Because the Singer dicta was in effect “overruled” by McNaughton, we have applied Singer’s rationale only in cases that both accrued and were filed between it and McNaughton. See Aragon, 750 F.2d at 1453; Glover v. United Grocers, Inc., 746 F.2d 1380 (9th Cir.1984), cert. denied, 471 U.S. 1115, 105 S.Ct. 2357, 86 L.Ed.2d 258 (1985). Here, the arbitrator’s ruling was issued on January 29, 1981, 7 months before Singer. Kile filed suit on September 10, 1982, 13 months after Singer, but 8 months before McNaughton. Because Kile’s action accrued long before Singer, we agree with the district court that the holding of that case should not be applied here to bar Kile’s action against the union.

Thus, we must choose between California’s one-year statute of limitations for professional malpractice {McNaughton) or California’s three-year statute of limitations for liability created upon statute {Price). For two reasons, we agree with the district court that the three-year period adopted in Price is the more appropriate. First, selection of an appropriate statute of limitations will necessarily vary by which state’s law we must apply. Hoosier Cardinal, 383 U.S. at 701-02, 86 S.Ct. at 1110-11. In McNaughton, we ruled that under Oregon law, the most appropriate statute was the one adopted for professional malpractice suits. That may be true under Oregon law. Here, however, we must apply the law of California. We ruled in Price that under California law, the statute of limitations for “liability created by statute” is the most appropriate. This holding was reaffirmed after McNaughton in Edwards, 719 F.2d 1036. We conclude we should not create a direct conflict with Edwards and Price.

Second, Kile filed his action eight months before McNaughton. If we applied McNaughton retroactively to this case, we would, in effect, overrule Price. In Edwards, we ruled that it would be inherently unfair to apply DelCostello retroactively when the result would be a shorter statute of limitations being applied than that in effect when the action accrued. 719 F.2d at 1040. We áre required to apply the same rationale here. If we were to adopt the union’s suggestion, the time Kile had to file suit would be retroactively shortened from three years to one year. DelCostello and McNaughton were decided one day apart. Applying McNaughton retroactively, but not DelCostello, would have the anomalous result of Kile’s suit being barred by the rule announced in a case that has been overruled, but not by the rule announced in a Supreme Court case that is *1366directly on point. Given Price, Edwards, and our rationale for not applying DelCostello retroactively, we agree with the district court that Kile’s breach of the duty of fair representation suit is controlled by the three-year statute of limitations applied in Price.

APPEAL AFFIRMED; CROSS-APPEAL DISMISSED.






Concurrence Opinion

KENNEDY, Circuit Judge,

concurring:

I concur.
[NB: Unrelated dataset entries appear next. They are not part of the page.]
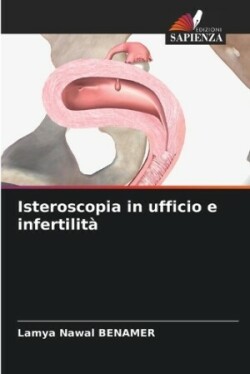 Isteroscopia in ufficio e infertilità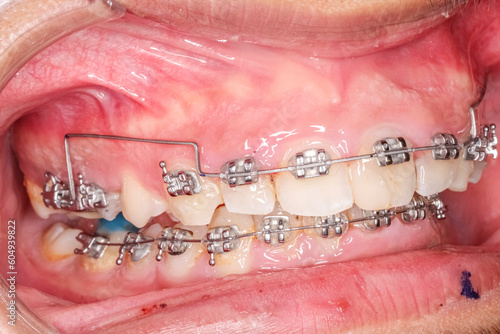 Lateral oblique view of dental arches in biting teeth occlusion with molar bite-raising blue resin material, orthodontic braces, arch wire, healthy gingival gum, lips retracted with cheek retractor.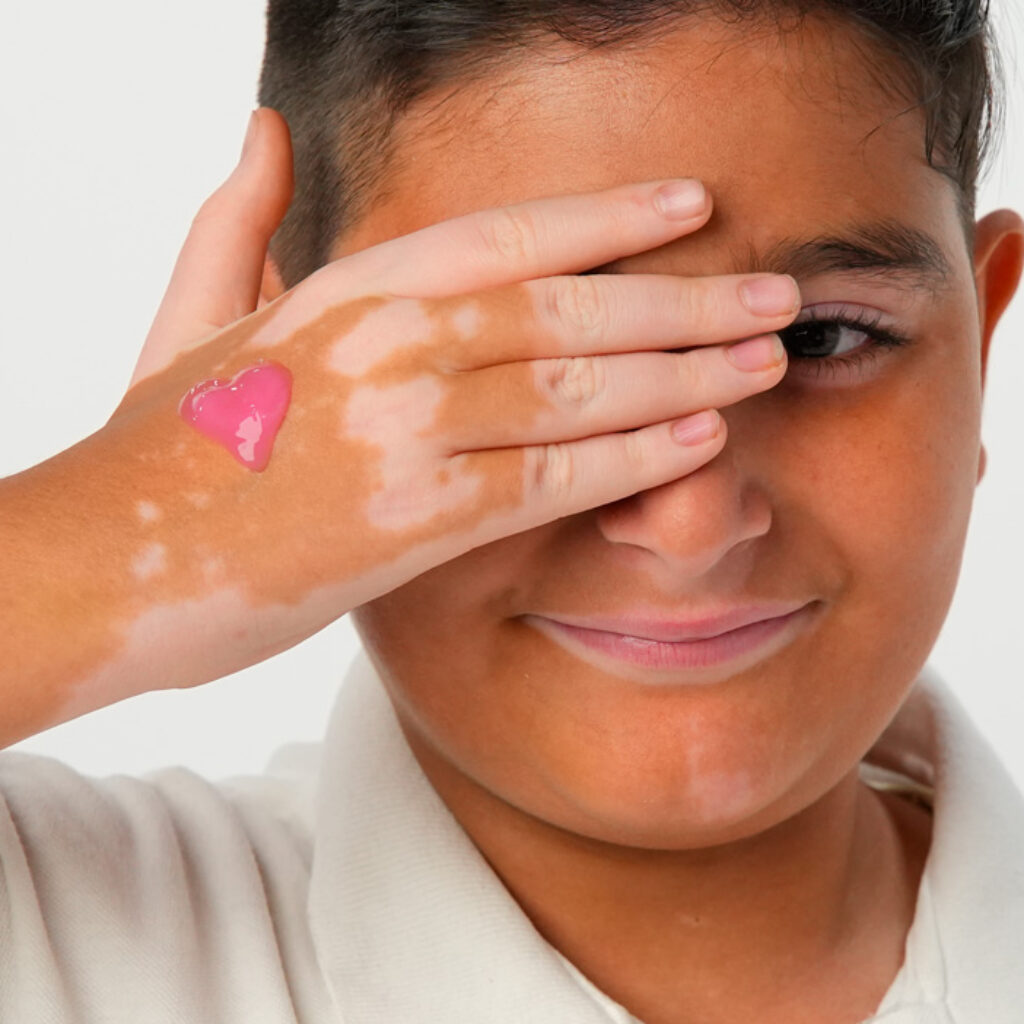 Peau sèche : comment reconnaître les signes d'une pathologie cutanée ?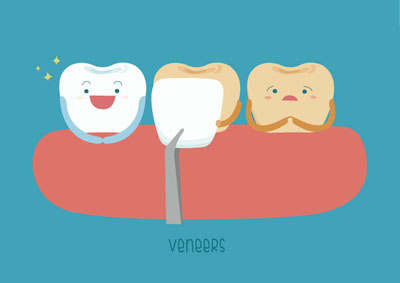 How Dental Bonding Or Veneers Can Give You A More Attractive Smile
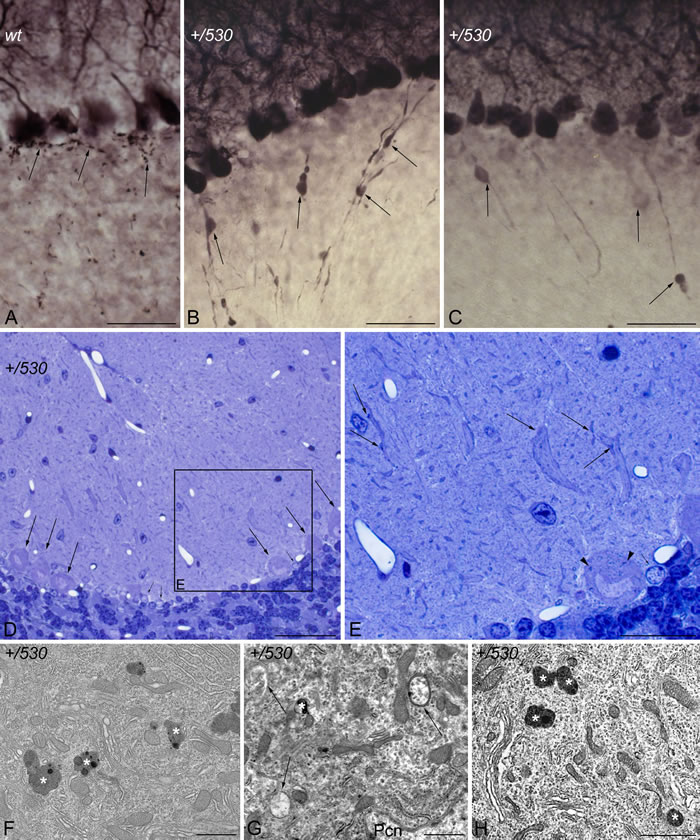 Purkinje cell degeneration in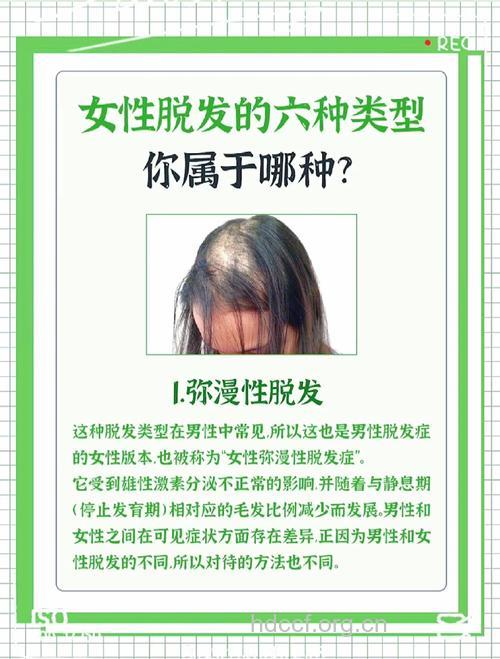 造成女性脱发的原因都有哪些呢？
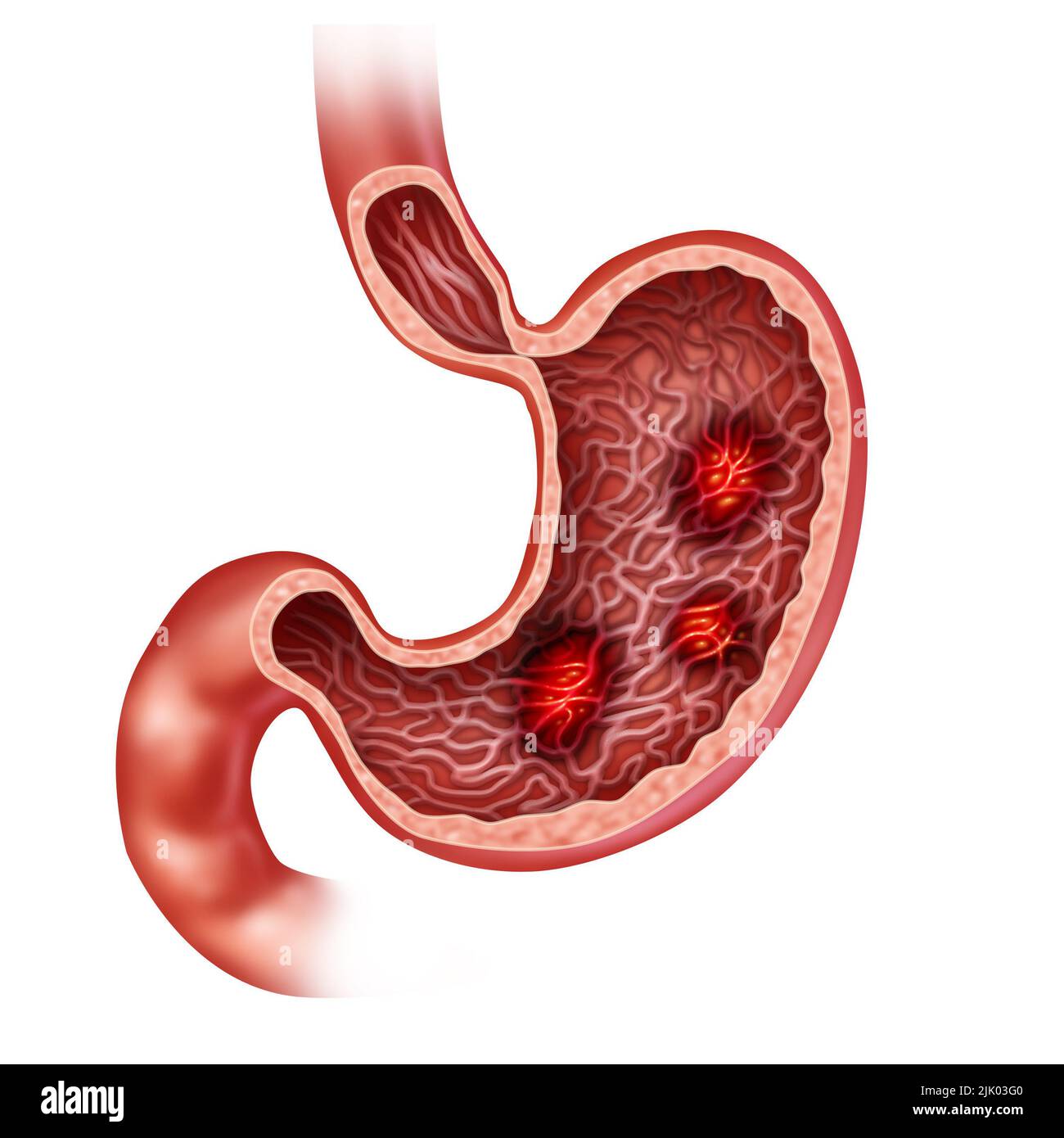 Magengeschwüre und ein schmerzhaftes Geschwürkonzept mit brennenden Verdauungsschmerzen im Verdauungssystem als medizinische Illustration der menschlichen Verdauungsorga Stockfoto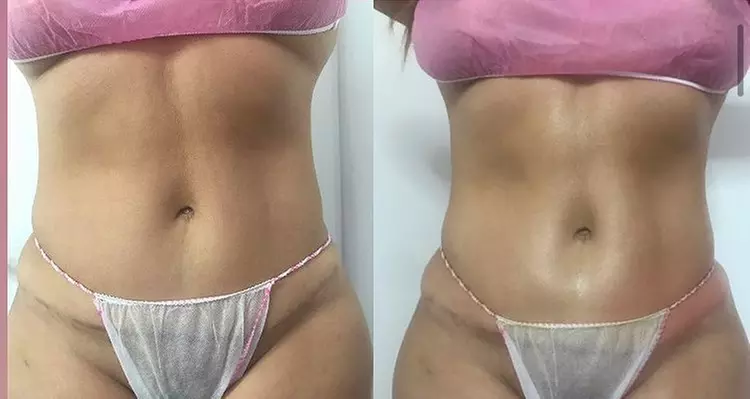 Experience CAMP Sacramento Aesthetics' Non-Invasive Laser Lipo Sessions with options of 2, 4, or 6 sessions up to 50% - Primary Image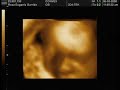 miguel licero garrido   3d ultrasound
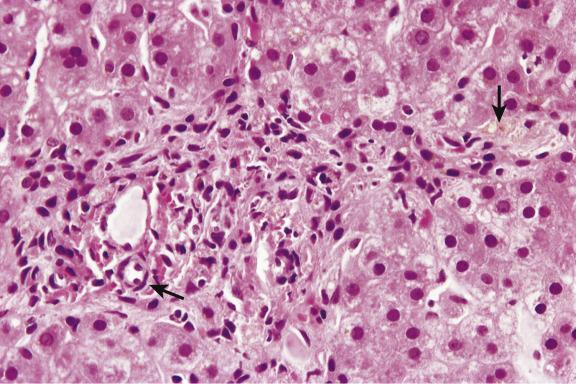 Fig. 13.8, Paucity of bile ducts in childhood.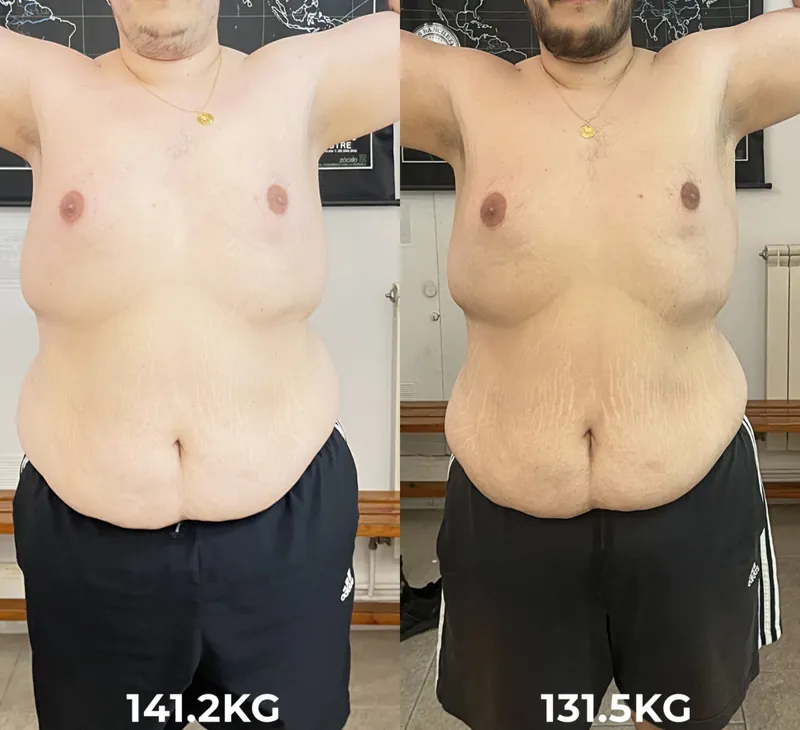 David, antes y después, 15 semanas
I agree that the precedents require us to apply different limitation periods to suits against employers and unions for violations of section 301 of the National Labor Relations Act. I find this result very odd, however. I suppose the good news is that in the not-so-distant future DelCostello v. Int’l Brotherhood of Teamsters, 462 U.S. 151, 103 S.Ct. 2281, 76 L.Ed.2d 476 (1983), will apply to all the cases before us, and we will no longer be compelled to reenter the labyrinth that we have created for ourselves and litigants. Compare, e.g., Singer v. Flying Tiger Line, Inc., 652 F.2d 1349 (9th Cir.1982), with McNaughton v. Dillingham Corp., 707 F.2d 1042 (9th Cir.1983), cert. denied, 469 U.S. 916, 105 S.Ct. 291, 83 L.Ed.2d 227 (1984), with Aragon v. Federated Dep’t Stores, Inc., 750 F.2d 1447 (9th Cir.), cert. denied, 474 U.S. 902, 106 S.Ct. 229, 88 L.Ed.2d 229 (1985).